In my humble opinion, if there is no appeal against that order then once access road is provided, gates would need to be demolished. I have dealt with the question of whether or not the appeal is arguable and in my opinion no proper material has been availed to enable me come to that conclusion. The next question is that of loss. The only evidence by the Applicants on the question of loss is found at paragraphs 10 and 11 of the supporting affidavit. He says as follows: “10. That further any payment of monies granted to the Respondent under the judgment would lead to crippling of my business, and I am also forced to incur further expenses by way of hired security, which I would be forced to if the gates were removed. I have prior to these disturbances, not had need to hire any security as the gates sufficed, having installed the same in 1995 when I suffered a mysterious fire at my workshop. 11. THAT the losses I have incurred, I verily believe from what I have stated above, have been brought about by the Plaintiffs/Respondents conduct.”
At paragraph 9 of the same Affidavit he is referring to the loss he is suffering because of the disturbances by the Plaintiffs and that is not relevant here. It is clear to me that what the Applicants say in paragraph 10 and 11 I have reproduced do not explain how execution would cripple his business. He is certainly annoyed about the alleged activities of the plaintiffs but he is not explaining how the removal of the gates would affect him except he says it would end in his employing security. He is not saying how his loss would be substantial if he pays the amount ordered and the gate is removed. Further and even more important these are quantifiable losses and if he succeeds on appeal, he would end up with another gate installed by the Respondents and his money would be refunded. He has not stated that the loss would be substantial to the extent that no recovery would be made of the loss.

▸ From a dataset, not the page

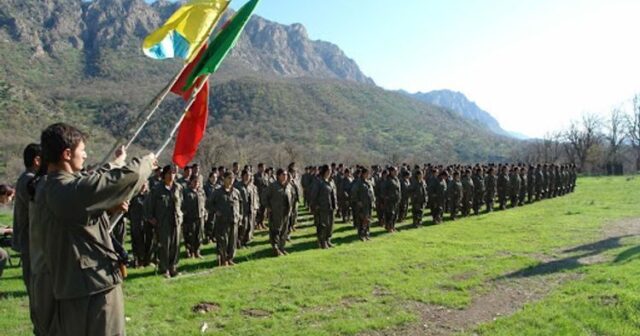 Paşinyan-PKK işbirliyi: Ermənistanın Qafqazı “barıt çəlləyi”nə çevirmək planları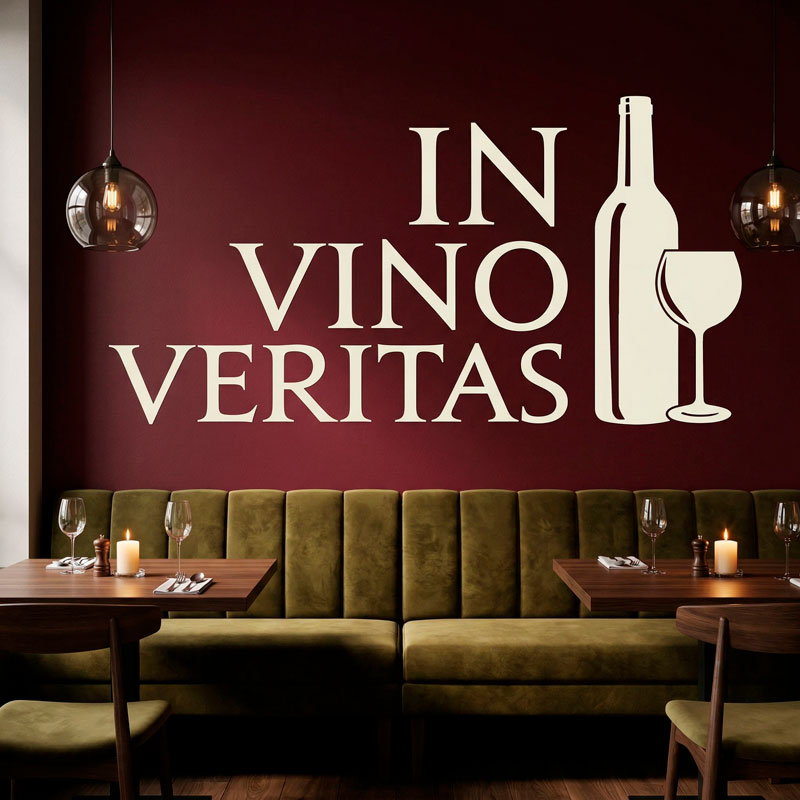 In wein veritas 6/8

Again he has not stated how the other Applicants would suffer substantial loss,. Before I end this Ruling, I need to observe that certain allegations have been made against the Applicants in the Replying Affidavit which have not been in any way challenged by the same Applicants by way of any further affidavit. They all amount to an allegation that the Applicants are coming to court with unclean hands and are not deserving of an equitable remedy. I note however that there are also allegations in the applicants Affidavit of activities some of which were carried out on public holy days which also demonstrate that the Respondents are also to an extent guilty of the same “dirty” activities.
These indicate to me that there is a lot of bad blood between the parties. That should not be so particularly now that the matter is before the courts of law. They should let the law take its cause From the above this application for stay is refused. Costs to the Respondents. Orders accordingly.
Dated and delivered at Mombasa this 18th Day of December 2002.